From this point on, her affinity with Ireland and Irish culture grew intensely. Upon her father's death in 1907 she became financially independent and in 1908 bought a home near West Cove, Caherdaniel, County Kerry. The same year she established an agricultural cooperative there to develop local industry. She organised classes educating people on diet, encouraged vegetarianism and, during the smallpox epidemic of 1910, nursed the local people. Determined to establish a hospital for local poor people, she travelled to the United States to raise funds.

There she took the opportunity to study American nursing, met leading Irish-Americans and became more politicised to Ireland's cause. Upon her return to Kerry she established a hospital in Caherdaniel later in 1910. She renamed the area Ballincoona (Baile an Chúnaimh, 'the home of help'), but it was unsuccessful and eventually closed for lack of money. She wrote on health matters for The Englishwoman and Fortnightly, among other journals, was a member of the council of the National Council of Trained Nurses and gave evidence to the royal commission on venereal disease in 1914.

==Irish War of Independence==
Ní Bhruadair was a staunch supporter of the 1916 Rising. She joined both Cumann na mBan and Sinn Féin. She visited some of the 1,800 Irish republican internees held by the British in Frongoch internment camp in Wales, and wrote to the newspapers with practical advice for intending visitors. She canvassed for various Sinn Féin candidates during the general election of 1918 and was a Sinn Féin member on Kerry county council (1919–21), becoming one of its reserve chairpersons. During the War of Independence she sheltered IRA volunteers and consequently her home became the target for Black and Tans attacks.

Along with Dr Kathleen Lynn she worked with the Irish White Cross to distribute food to the dependents of IRA volunteers. By the end of the War of Independence she had become hardened by the suffering she had seen and was by now implacably opposed to British rule in Ireland. She became one of the most vociferous voices against the Anglo-Irish Treaty of 6 December 1921. She became a firebrand speaker at meetings in the staunchly republican West Kerry area. In April 1923 she was shot by Free State troops and arrested. She was subsequently imprisoned in the North Dublin Union, where she followed the example of other republicans and went on hunger strike. She was released two weeks later. Following the formation of Fianna Fáil by Éamon de Valera in 1926, Ní Bhruadair continued to support the more hardline Sinn Féin.

In October 1926 she represented Munster at the party's Ardfheis. She owned the party's semi-official organ, Irish Freedom, from 1926 to 1937, where she frequently contributed articles and in its later years acted as editor. Her home became the target of the Free State government forces in 1929 following an upsurge in violence from anti-Treaty republicans against the government. She and her close friend Mary MacSwiney left Cumann na mBan following the decision by its members at their 1933 convention to pursue social radicalism.
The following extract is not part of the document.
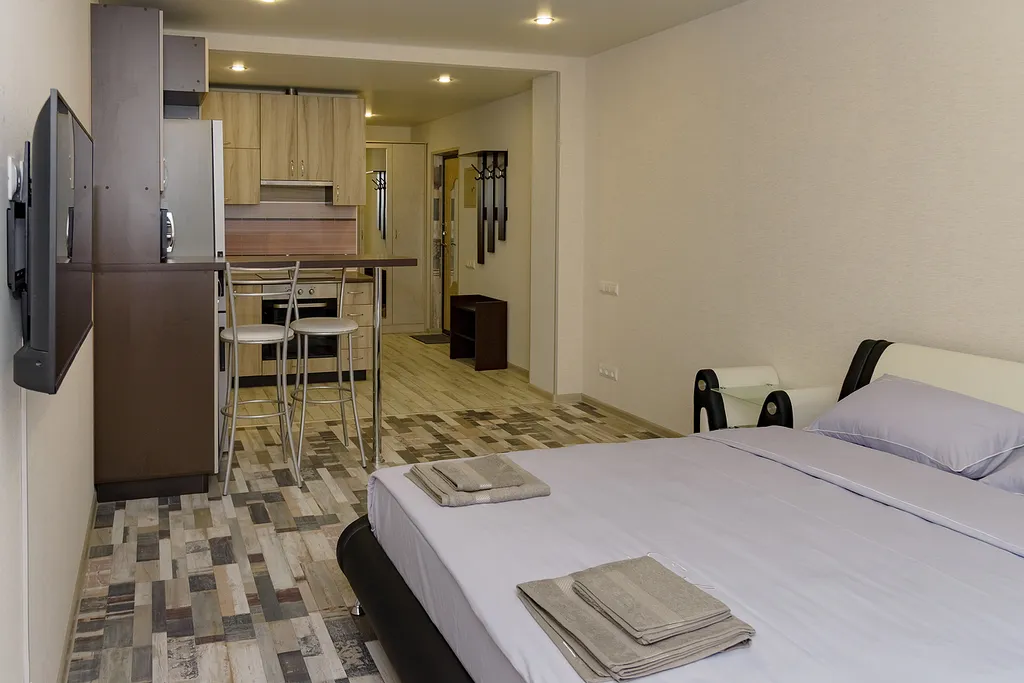 Уютная студия в центре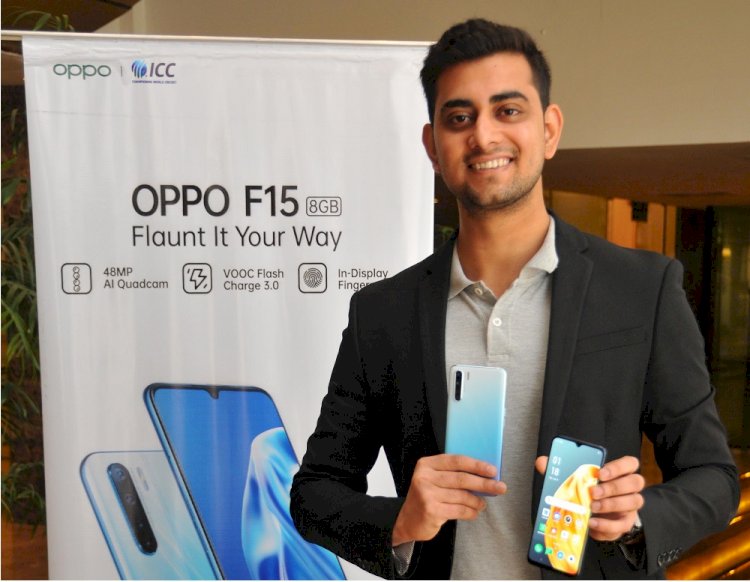 OPPO bolsters its F series portfolio in Ludhiana with launch of F15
The two then established an all-women's nationalist movement named Mná na Poblachta, which failed to attract many new members.

==Death==
She continued to speak Irish and regularly attended Conradh na Gaeilge branch meetings in Tralee. Although sympathetic to Catholicism, she remained a member of the Anglican Church of Ireland, and regularly played the harmonium at Sneem's Church of Ireland services. Described by a biographer as 'a woman of frugal habits and decided opinions, she was in many ways difficult and eccentric', Gobnait Ní Bhruadair died on 16 January 1955, and was buried in the Church of Ireland graveyard in Sneem, County Kerry.

In her will she left most of her wealth (£17,000) to republicans "as they were in the years 1919 to 1921". The vagueness of her bequest led to legal wrangles for decades. Finally, in February 1979, Mr Justice Seán Gannon ruled that the bequest was void for remoteness, as it was impossible to determine which republican faction met her criteria.